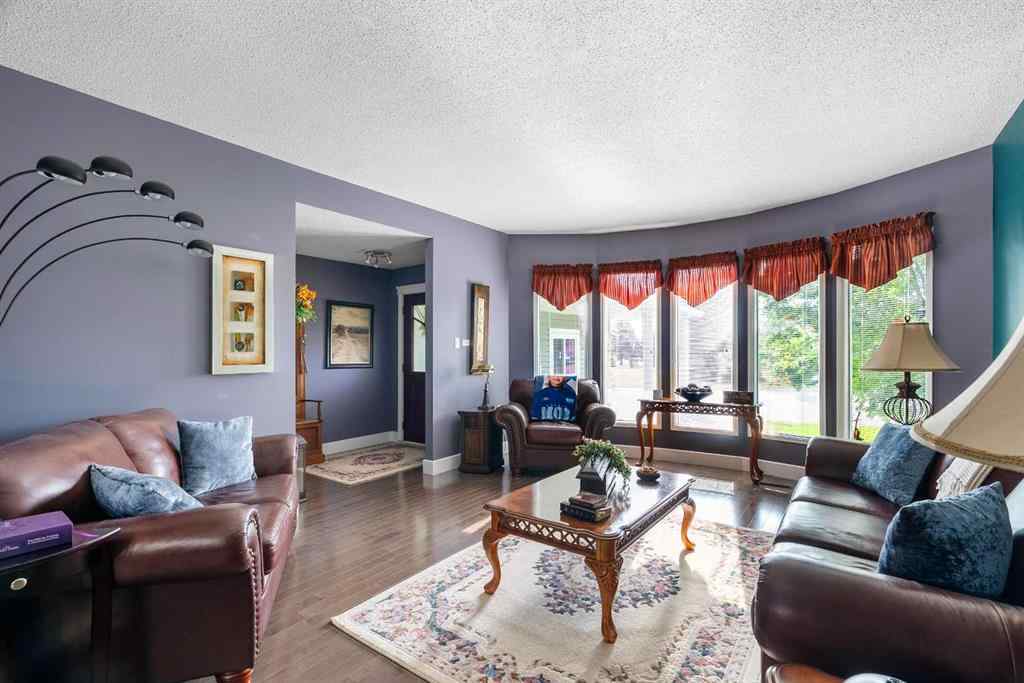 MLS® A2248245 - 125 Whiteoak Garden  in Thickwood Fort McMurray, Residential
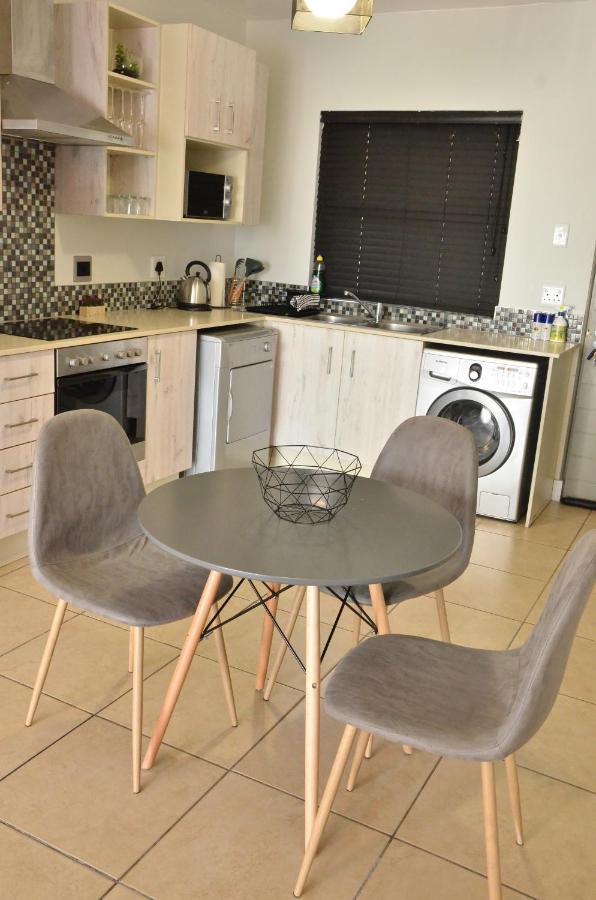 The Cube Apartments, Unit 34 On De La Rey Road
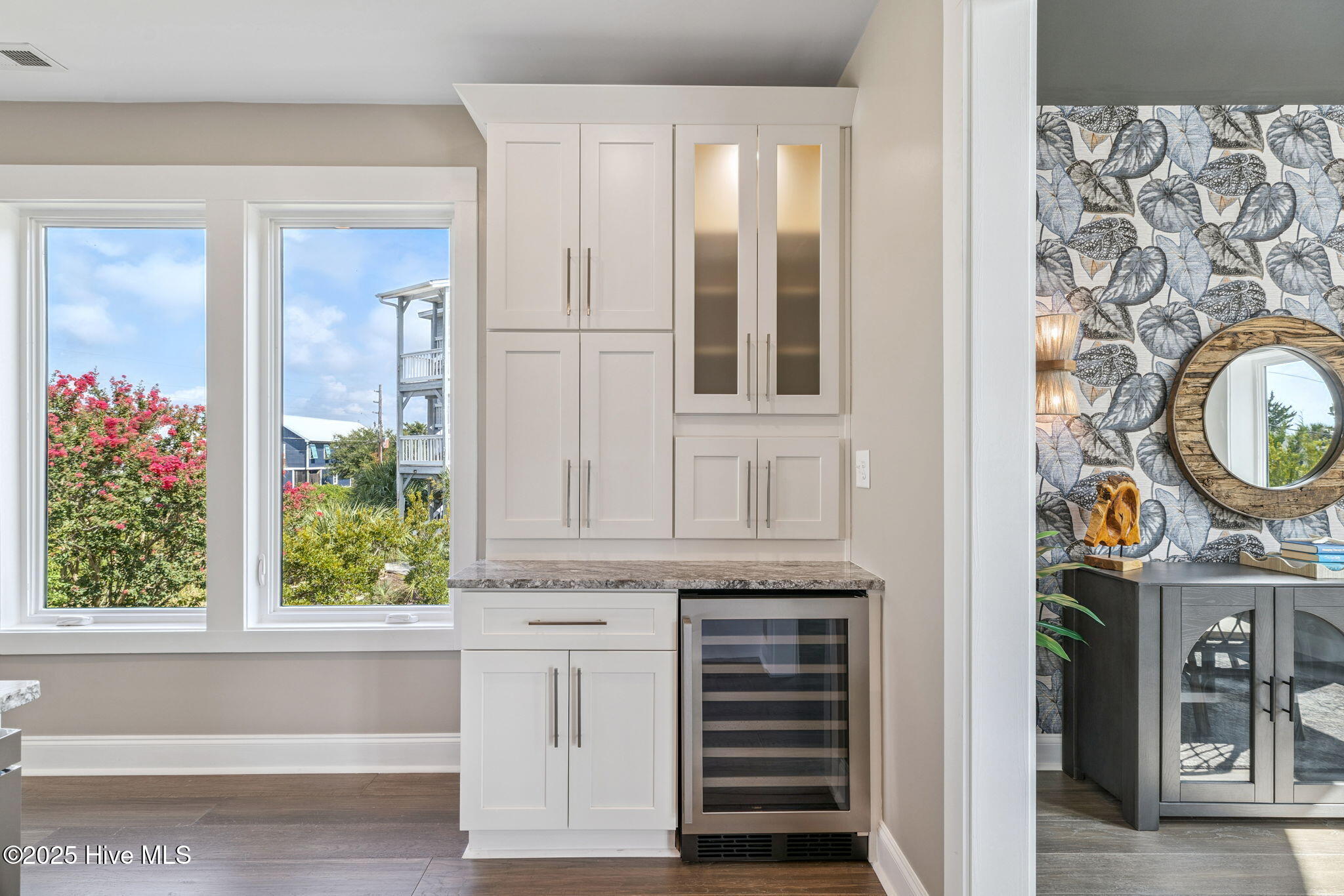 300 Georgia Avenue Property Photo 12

▶ EXERCISE
Omitting all pictures, retype exactly the lines from the line containing "The Cube Apartments, Unit" down to the last line above, both ends included.

▶ RESPONSE
 The Cube Apartments, Unit 34 On De La Rey Road
 300 Georgia Avenue Property Photo 12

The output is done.